I recently headed over to Joshua Tree, hoping to catch some stars or some snow. Looking at the mountains from the city, there’s more and more snow on the peaks (a good sign for nature!), and that held true the whole drive out. I got my hopes up for this trip, after a wonderful snow a year or so ago, when my poor Honda Civic nearly got blown off the road in a blizzard. And, if there wasn’t going to be any snow, I was hoping to see the stars in the dead desert night. Not even any cell signal to get in the way.
Neither of my hopes came true. The sky stayed overcast the whole evening, and the ground dry. And it was perfect and still and I loved every minute.

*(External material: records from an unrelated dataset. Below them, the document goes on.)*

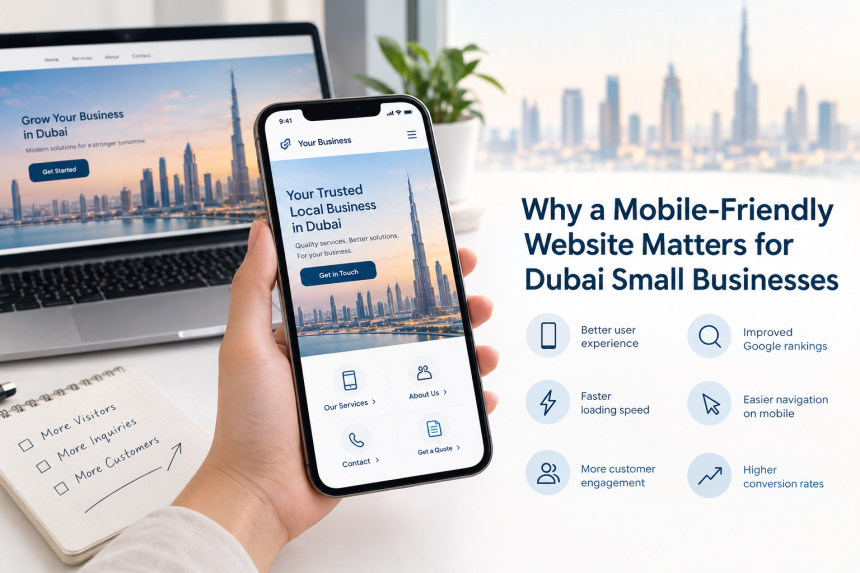 Mobile-Friendly Website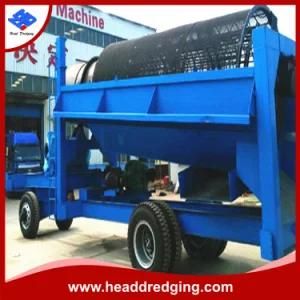 China Gold Washing Plant Mining Trommel Equipment for Sale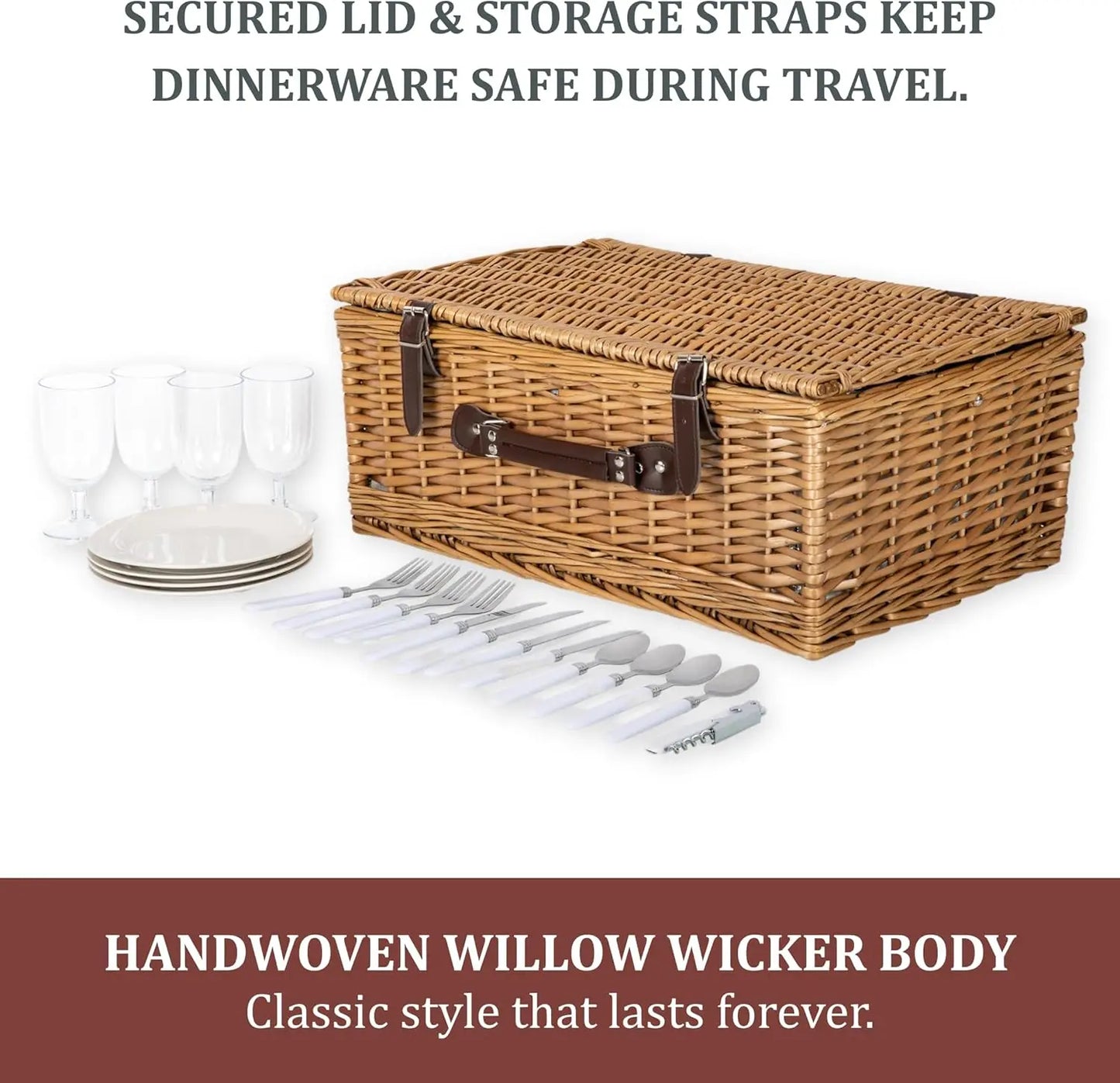 Picnic Basket Set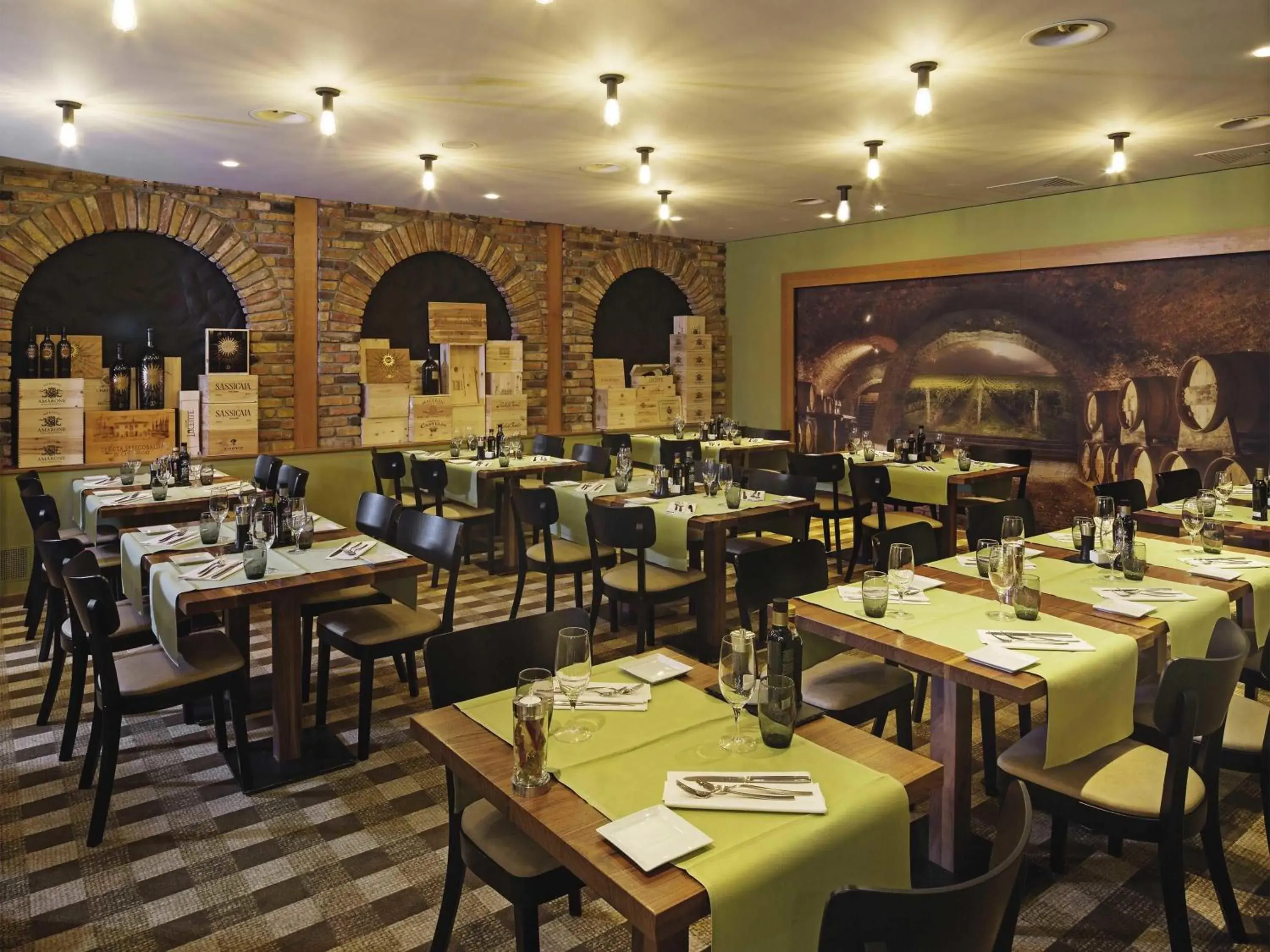 Restaurant/places to eat in Mövenpick Hotel Zürich-Regensdorf Restaurant/places to eat in Mövenpick Hotel Zürich-Regensdorf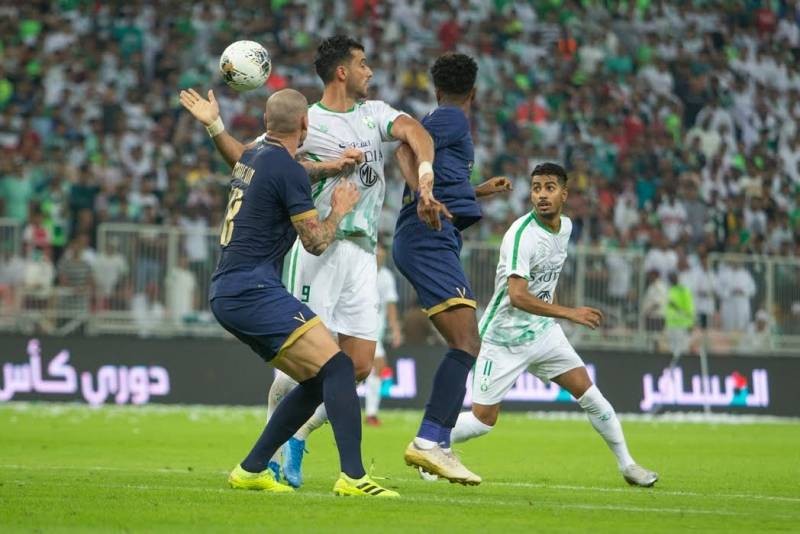 لقاء سابق جمع الأهلي بالنصر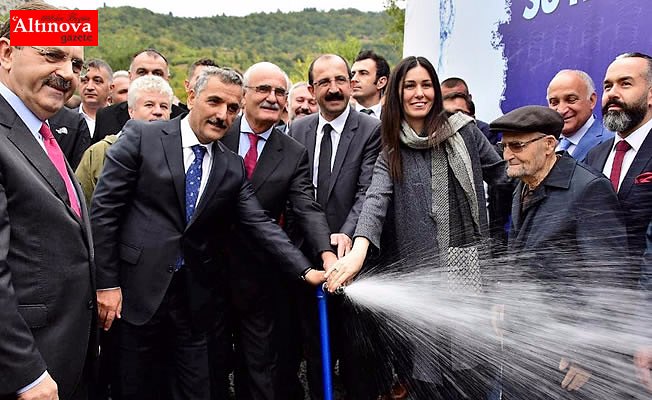 BÜYÜKŞEHİR’DEN BAFRA’YA 110 MİLYON TL’LİK REKOR YATIRIM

I had left LA a bit before 2pm. I was planning to catch the sunset as I rolled into the park. Sunset started that day at around 4:50pm, and the drive time was initially going to be about 2 and a half hours. That put me at the park at about 4:30, which would be just enough time to get through the gate and on to a good sunset-watching spot.
I forgot to factor in time for the required visit to Hadley’s Fruit Orchard. A date shake is a staple after such a long drive – something that two dozen other people thought was a good idea at the same time. Whatever changes are in store, lines are never going away.
Ended up getting to the park closer to 5, the land already fading past purple and into the washed-out colorless landscape of car headlights and the occasional night hiker. As I drove through the main road from the West Entrance (the one past the Visitor’s Center), I could see cars parked every few minutes apart. Little islands of light bobbed out in the desert at different distances from the road – groups of other people that thought a 40 degree night and no light meant for a good time.
I’m glad we all agreed on that.
With no sunset plans anymore, I drove along until I felt called to one spot by the familiar, lumbering silhouettes of rocks. This was a place where I remembered finding an old sprite bottle in the sand, so I felt comfortable that I wouldn’t get lost. The cars leaving the park kept up a steady snake of white lights, another guide in the night.
Every few minutes, the road would clear completely. All was as dark as could be, only a handful of Orion’s belt peeking out from under the clouds. The air was still and blue, foggy in a frosty way. Canopies of Joshua Trees stood above the horizon level like rocks, gaps peeking between them as a new car zipped along.
I brought a few flashlights, though sometimes it felt like they got in the way. My happiest moment was climbing to the top of a chilled rock, maybe a dozen feet in the air. I sat there long enough that my boots stopped keeping my feet warm and my hands weren’t faring much better. The landscape was mottled black twigs over tan, the occasional odd stone a lighter gray in the dark.
I knew what the landscape looked like in daylight, and I knew that particular patch of earth well – and it felt totally different. Space was wrong. Everything felt like a flat image, even though my body knew it could not possibly be as close as I judged it. Ten minutes’ walk, even in the dark, did not leave the road within spitting distance.
Then I heard a single caw of a crow. That’s when it hit me that there hadn’t been any sound, except the sometimes roll of a heavy tire in the distance. No rustle of a creature darting under the brush as I walk by. No wind whispering through cactus spines. No bees, no tapping of lizards.
I’m sure that if I tried hard enough, I’d probably be able to hear the cacti doing their CAM breathing.